Interrogation without pain is why the FBI broke the entire 1993 WTC bombing and the USS Cole bombing. Pain and fear was not used. Instead, intelligent interrogation causes the targets to talk with honesty. But that obviously cannot work on Superman. So we needed violence legitimized.

Slam him against a fake wall. He will be carefully wrapped in cloth first to not be harmed. Sound of crashing into the fake wall will cause so much fear as to cause him to tell all? Nonsense. Eventually, the fake wall was replaced by concrete. And then when someone noted slamming against a concrete wall was torture, then the wall was covered by a sheet of plywood. Plywood would cushion the blow. Examples of how these techniques morphed into acceptable interrogation methods years later. After all, the theory behind these methods demand that pain be inflicted.

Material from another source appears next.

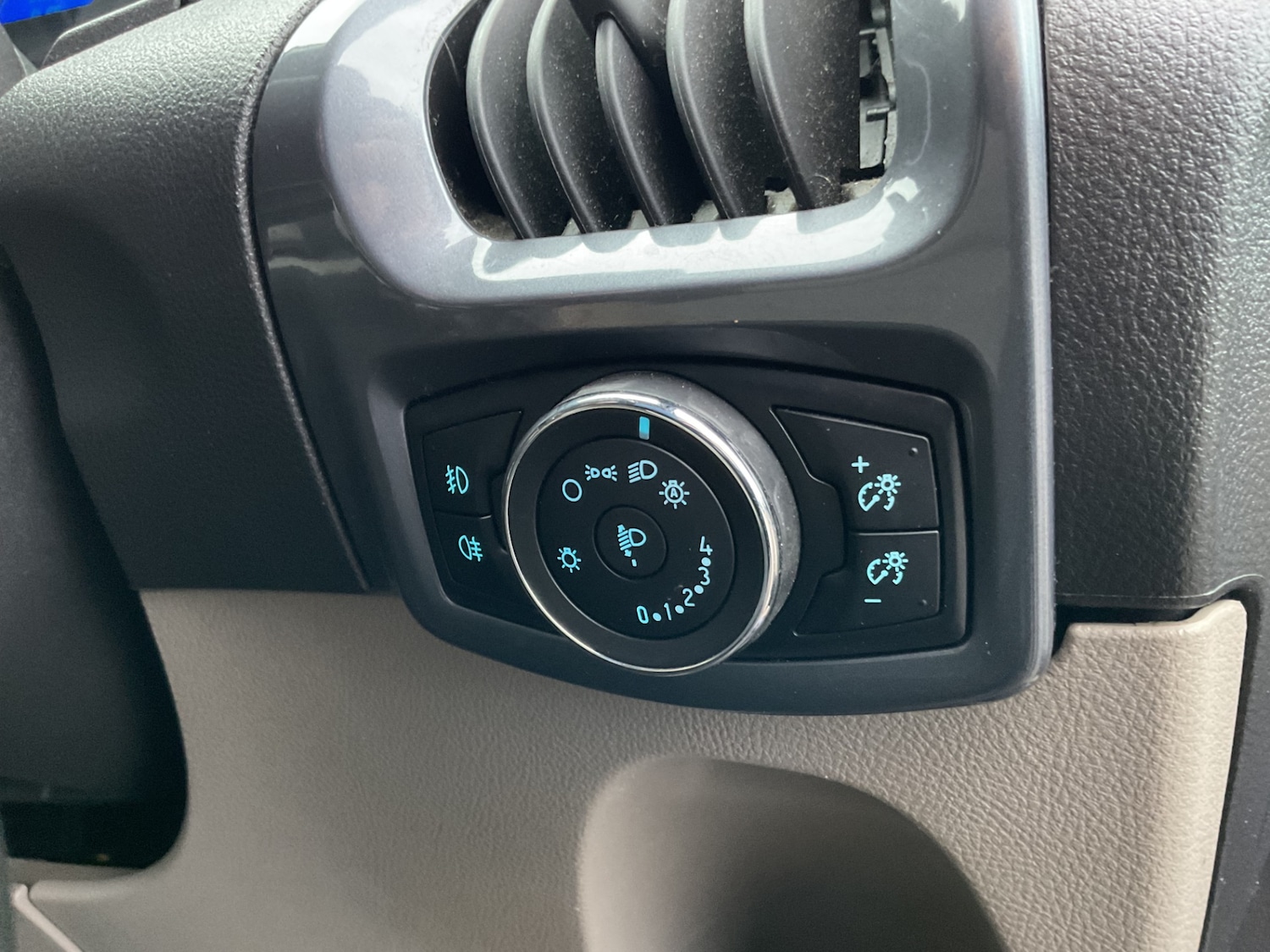 Used Ford Transit Custom 2017 for sale - 77312254: Photo 12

Torture had to be expanded because Superman and others did not give up the facts. Why? Because there were no Al Qaeda sleeper cells, no Saddam WMDs. And no international Al Qaeda hiding all over the world waiting under our beds to kill us all. But these new interrogation methods had to be approved BECAUSE enemies MUST be hiding everywhere to kill us all. We knew these threats must exist. Therefore well proven interrogation without torture must be wrong. Clearly the enemy must be massing to kill us all. So violence must be approved.

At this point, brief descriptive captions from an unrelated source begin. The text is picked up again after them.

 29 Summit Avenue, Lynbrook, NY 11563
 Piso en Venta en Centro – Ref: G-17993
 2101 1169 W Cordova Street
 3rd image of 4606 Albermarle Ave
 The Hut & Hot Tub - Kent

Myths and wild speculation (created because the powers that be were wacko extremists) justified violence only because terrorists could not tell us what we wanted to hear. Meanwhile, Indonesia kept these same Americans away from Nasir Abbas because he knew so much about Jemaah Islamiya (who did the 2002 Bali bombing). Despite myths and lies promoted in America, Jemaah Islamiya was not Al Qaeda. Nasir Abbas gave up the entire Jemaah Islamiya network BECAUSE he was not tortured. See Why does America need Secret Prisons? . But then what the Indonesians did is also how professional interrogators did it in WWII, 1993 WTC bombing, and the USS Cole. See the Washington Post of 6 Oct 2007:
Fort Hunt's Quiet Men Break Silence on WWII
Interrogators Fought 'Battle of Wits'


Indonesia needed to keep Americans away from Nasir Abbas because American methods of violence would have poisoned the well.

The memo approves of methods that do no pain when the new interrogation method required pain - because he was Superman. No wonder a fake wall was quickly replaced with a concrete one. Entire concept of interrogation by intimidation required inflicting pain – also called torture. The Spanish Inquisition was alive and well – and did not use cushy pillows as some (and Monty Python) claimed. This memo shows how torture was first approved and why it only got worse - even killing an Iraqi General in Abu Ghriad because he would not tell us where Saddam's WMDs were hidden.

According to the newer American definitions of torture, McCain was not tortured. Beheading is torture because it created permenant organ damage.

Last edited by tw; 04-18-2009 at 01:12 PM.